Incredible, Brittle thought. He’d never met someone so ill-suited for the task they’d been given before. He couldn’t even muster the effort to be riled by the demigod’s overt nose poking. He just felt sort of sad for Lastar instead. “Nope.”
“Didn’t think so,” Lastar said with a sigh.
“No use moping about it.” Brittle hopped onto a fallen log and traversed over the top of it with his arms held out at his sides for balance. He stopped halfway, glancing over his timber shoulder at the crestfallen demigod staring hopelessly at the ground, as pathetic things were oft to do. “Well don’t just stand there counting the pine needles. Come on. We’ve got adventuring to do.”

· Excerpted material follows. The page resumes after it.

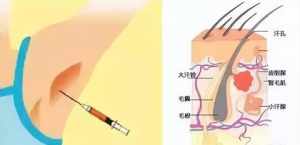 佛教怎么治腋臭 佛教对于狐臭的开示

Lastar lifted his head in surprise. “We do?”
“Oh, yes. Just wait ‘til all the big name gods and goddesses learn how close their best spy got to Mara’s favorite abomination. I daresay, there’s probably a promotion in store for that lucky guy. Who knows, maybe his powers will come through as well.”
Lastar followed, dragging his cloven feet through the soft dirt with far less enthusiasm. “I’ve never been lucky at anything.”
Brittle turned back around and continued forward, fighting a smile. Lastar may not have been a sassy-talking swamp monitor, but he was the most exciting thing to happen to Brittle in a month and a half. And while a part of him – the naughty, attention-starved little beastie part – considered leading Lastar towards the ravine, Brittle altered course for the pools that collected along the basin of the foothills instead. There was no sense in getting rid of his companion straight away. They could at least log a few misadventures under their belts first.